- _Working data_:
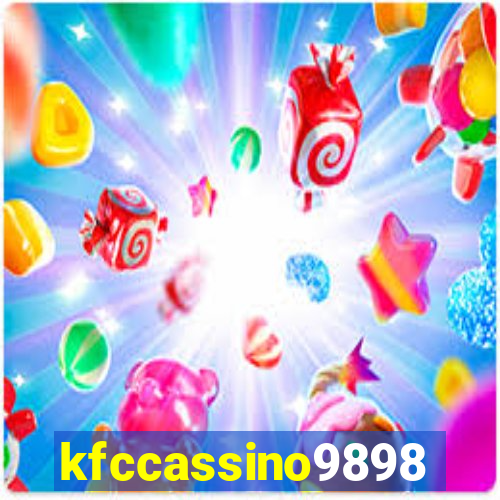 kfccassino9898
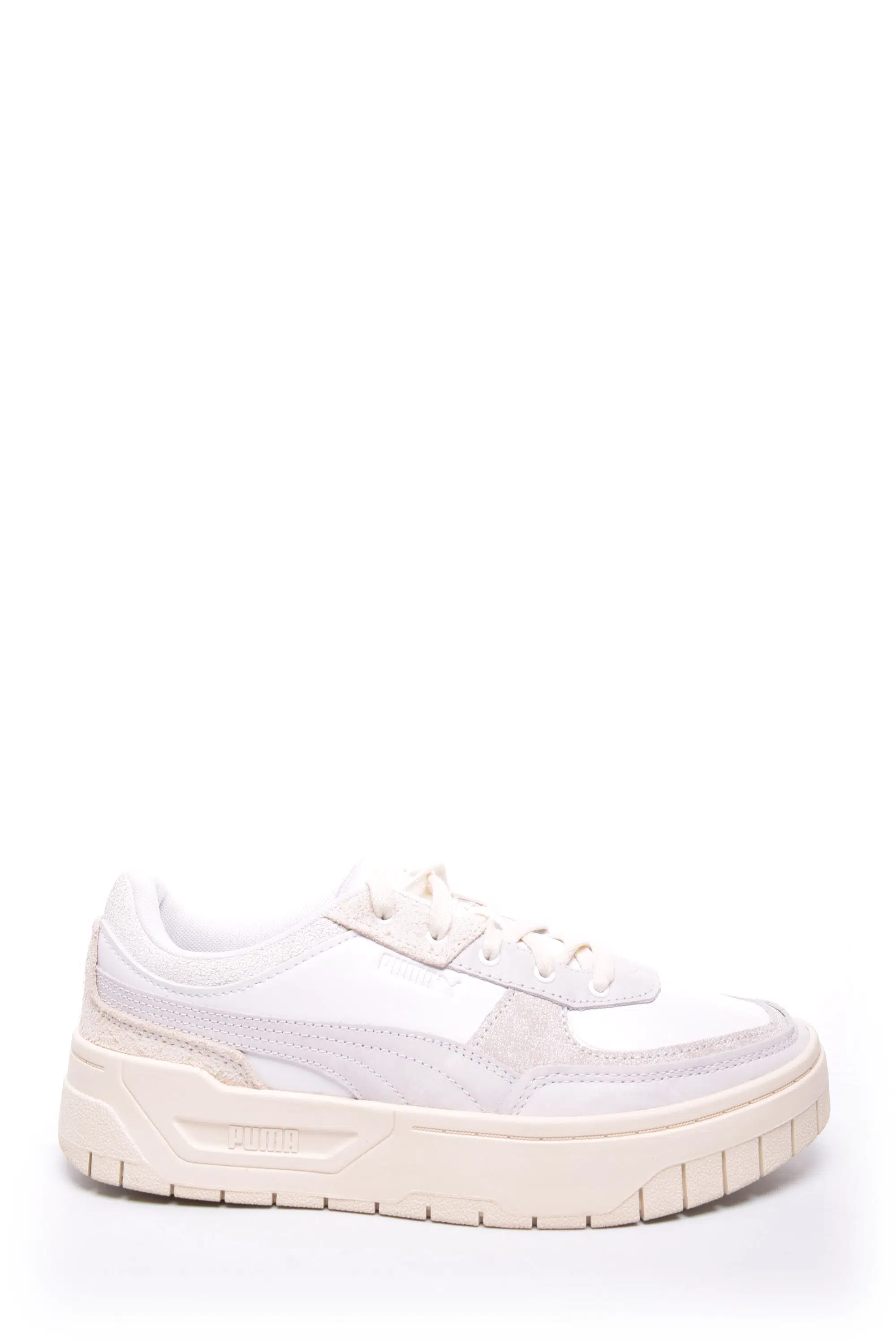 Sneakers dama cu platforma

...

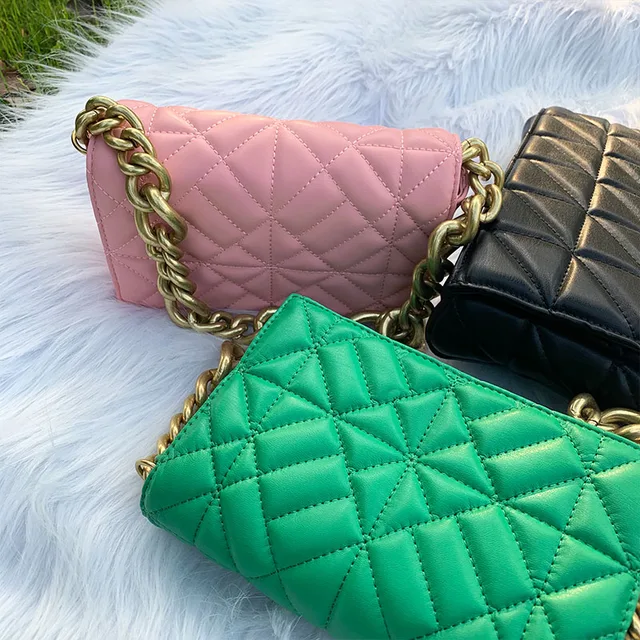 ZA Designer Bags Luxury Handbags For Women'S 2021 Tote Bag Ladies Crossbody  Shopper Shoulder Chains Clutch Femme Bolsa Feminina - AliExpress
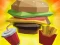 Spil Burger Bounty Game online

- _Task statement_:
In the listing above, find the line with "ZA Designer Bags" and output it and every line after it up to and including the line with "Spil Burger Bounty Game online", exactly, minus the pictures.

- _Task output_:
 ZA Designer Bags Luxury Handbags For Women'S 2021 Tote Bag Ladies Crossbody  Shopper Shoulder Chains Clutch Femme Bolsa Feminina - AliExpress
 Spil Burger Bounty Game online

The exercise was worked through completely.